It is south of Hartford that things deteriorate. The worst curves on the legacy lines are in Meriden and can be bypassed, but there is a 1.3-km curve in New Britain, on an S with a 2.3-km curve just south in Kensington that makes it unfixable. At the New Haven end there’s a curve on the legacy line, bypassed on I-95 by the Quinnipiac bridge, with radius about 450 m about 2.5 km out of the station.
Overall travel time
The explicit assumptions on trains are aggressive, based as always on the need to keep speeds up in big cities and on the only partially fixable New York-New Haven segment. Trains accelerate like the N700-I (26.74 kW/t, more than any high-speed train that currently exists except the Talgo AVRIL), cant deficiency is 175 mm as on the E5/E6 and on the AVRIL, cant is 200 mm as on the Tokaido Shinkansen, and initial acceleration is 0.89 m/s^2 as on the N700-I. With these performance specs, the minimum curve radius required for a full speed of 360 km/h is 4 kilometers; the Tohoku Shinkansen has such radius and JR East intended to run trains on it at 360 km/h before deciding to reduce speeds to 320 for reasons that are not track geometry.

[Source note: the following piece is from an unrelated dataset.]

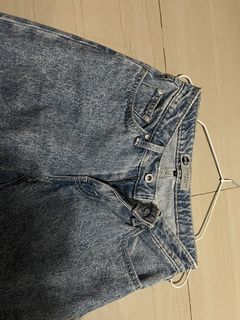 (Category: ) located in . Submitted by sellingmyextrastuffs (Listing ID 1424574449, Image 1). Description: .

For simplicity of computation I’m going to ignore grades. Since the I-95 route is flat, with very few grades higher than about 1%, this is justifiable there; it’s a little less justifiable through Hartford because a few segments have 3% grades, but they are also quite limited.
Without any schedule padding, we can set the following speed zones for I-95, measuring from 0 km point in Providence and going southbound:
0-0.6 km: 90 km/h (curve around Providence Station)
0.6-4.5 km: 120 km/h (two 450-m curves)
4.5-7.5 km: 180 km/h (Mashapaug Pond curve is too close to 120 km/h to matter, curve into Cranston is about 1 km)
7.5-17 km: 250 km/h (no curves, trains can achieve 270 in between curves but this would only save 5 seconds)
17-22 km: 220 km/h (curves have radius about 1.4 km and the controlling curve at km-point 17 can be eased a bit)
22-92 km: 360 km/h (full speed to New London)
92-103 km: 310 km/h (speed restriction in New London and the curve north of the Niantic River)
103-162 km: 360 km/h (full speed to East Haven)
162-167 km: 250 km/h (curve around an East Haven hill, though trains can barely accelerate fast enough for it to matter going eastbound)
167-168 km: 100 km/h (New Haven approach)
The time taken to transition between speed zones is the average of acceleration and deceleration time penalty. This gives a technical travel time of 33:40 for nonstop trains. If trains have a top speed of 300 km/h, this raises the technical travel time to 37:28.
Now, let us set speed zones for the Hartford route:
0-0.6 km: 90 km/h (curve around Providence Station)
0.6-4.5 km: 180 km/h (curve north of Hartford)
4.5-6.5 km: 200 km/h (curve into Johnston)
6.5-10 km: 240 km/h (curve west of I-295)
10-57 km: 360 km/h (full speed to the Hampton-Mansfield area)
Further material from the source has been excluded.